Do you have students who work in restaurants and who believe, "I can always get a job in a restaurant"?  Perhaps that's correct for some jobs, those that cannot be replaced by automation and robotization. However, like manufacturing, transportation, and many other industries that are facing rapidly increasing automation and robotization, the restaurant sector will be automated too -- in some cases, like the restaurant in Boston in the photo, and fast food restaurant chains, food preparation in restaurants is already being automated. Are you fascinated, surprised, concerned, worried?

How do you -- how does any teacher or occupational counselor --  advise students in an era in which so many jobs will soon be eliminated by robots? Some careers appear safe, at least for now, but what can be automated and robotized at a cost savings for companies, will be. Are automation and robotization a persuasive argument for your students learning how to learn? For learning critical thinking and problem solving skills? For figuring out what won't easily be robotized? For getting comfortable with digital technology?  Is it an argument for a particular career pathway protected from robot invasion, or an argument against career pathways altogether, and for the kinds of strong basic skills that enable one to shift and quickly learn entirely new work?

As a field, how should we address the issues of automation and robotization so that our students are prepared, and can have lives with family-sustaining jobs? What are your thoughts?

David J. Rosen, Moderator,

LINCS CoP Integrating Technology and Program Management groups

 

 


 

Comments

One of the Willy Wonka movies includes information that Charlie's dad lost his job at the toothpaste factory screwing on the tops of the tubes to a robot.  In the end, he becomes the one who maintains and repairs the robot.  In Tucson, AZ, our local community college (Pima Community College) has a robust combination of adult basic ed, career & technical ed and traditional degree programs.  Their IBEST programs are rich and varied.  One that begins this month is focused on Industrial Technology / Mechatronics, maintaining and repairing machinery and robots in commercial and industrial locations.  Our adult ed program is too small and focused to offer such lofty programming, so we send the right students to join those programs and in fact have two signed up for this one.  We view this as collaboration within our workforce system and are so happy to have such opportunities.  Of course, not everyone has the aptitude nor interest in mechatronics to join these programs as alternatives.  Thus we focus on widening students' views of the world and the expansive variety of careers that can redirect the same skills in new directions.  Use of the ONet and similar sites to assess and provide occupation and career options based on student input are critically important to our ability to help our students to not give up and find the right spot for them in the present and future job market.

I read this blog post from Digital Promise recently.  In it, the writer notes that, conquering digital skills training by promoting resilience is the best path forward.  They also note that, "most of the tools needed to develop learner resilience are free", and provide three key pieces of advice:

1. Meet Learners Where They Operate

2. Use Technology Learners Already Know

3. Use the Language of Skills

I encourge you to read the blog to gain a better idea what is meant by each of these three.  The final paragraph gets to the larger question about the impact of robots and mechanization's impact on adult learners.  I've copied it here in its entirety.  The bold is added by myself for emphasis.

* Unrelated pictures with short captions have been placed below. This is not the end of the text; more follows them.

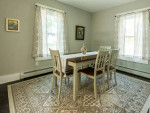"NEWLY RENOVATED" 2BR, 1.5BA HOME - FULLY EQUIPPED KITCHEN WITH STOVE@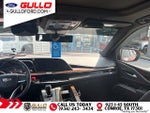 2024 Escalade Thumbnail 8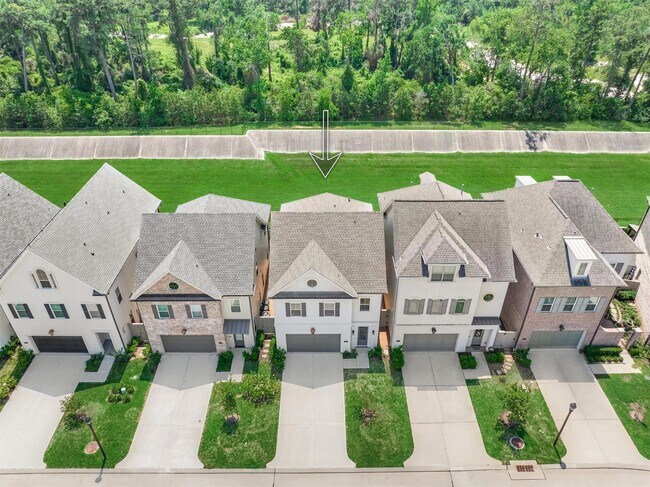 Building Photo - 2037 Carlson Creek Dr
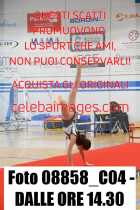 08858_C04-DALLE-ORE-14.30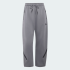 Брюки adidas Z.N.E. OPEN HEM (АРТИКУЛ:KF6377)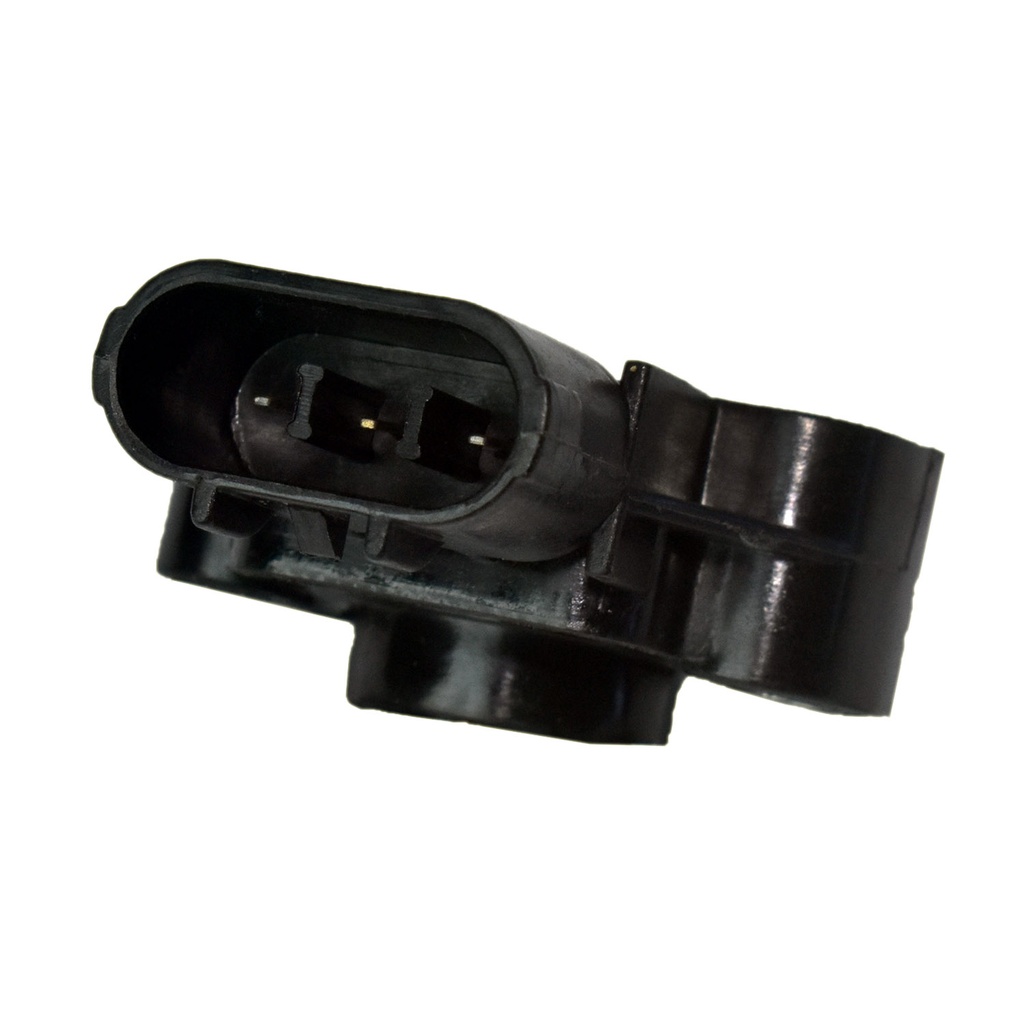 Sensor De Tps - 1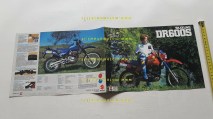 img_284877062367c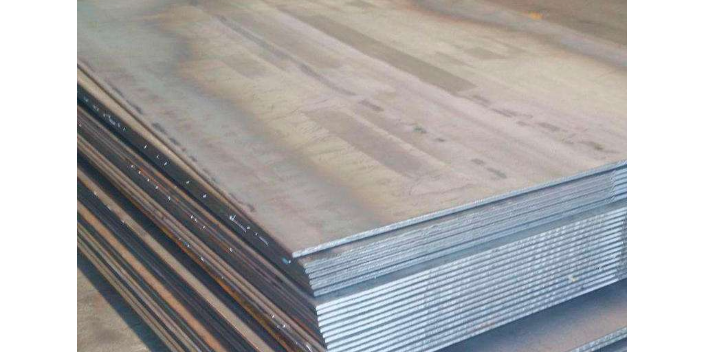鞍山特制钢板设计规范,钢板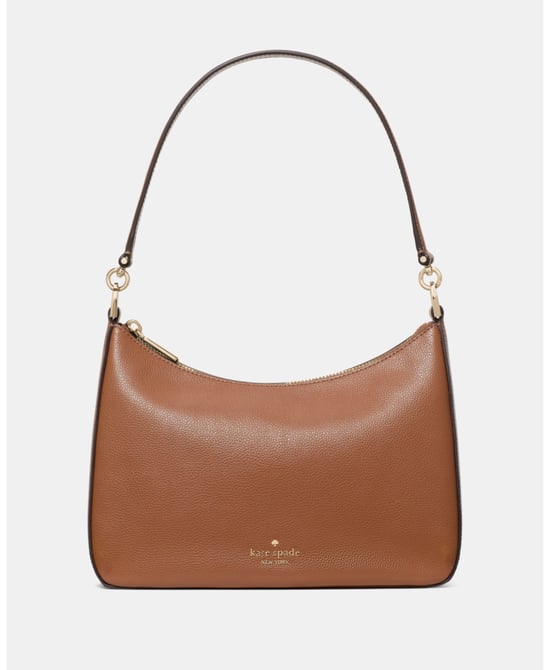 Margot Medium Shoulder Bag - Image 1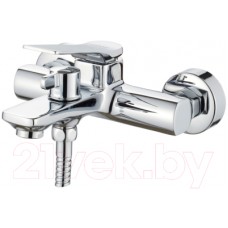 Смеситель Ledeme L3275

While robots make for great headlines and movie plotlines, the digital skills needed to put adult learners into positions of increased self-reliance and career mobility aren’t as far-reaching as our tech-obsessed future-thinking world might suggest. As adult educators, we need to avoid the lure of looking at technology as being different than any other skill or subject area. Digital skills are not “separate” from the skills we already teach. In fact, if there’s any one universal truth related to technology’s impact on society, education, and the world of work, it is this: “Digital literacy is literacy.”

It is a fool’s errand to attempt to predict ahead to what skills might be needed when we can’t know with any assurance what new tools and resultant processes will even exist in the future. Rather than trying to hit a moving target, we should instead focus on developing a positive growth mindset in the face of learning and applying new technologies. By focusing on learner resilience using the tools already available to them, adult educators have the ability, right now, to unlock this mindset.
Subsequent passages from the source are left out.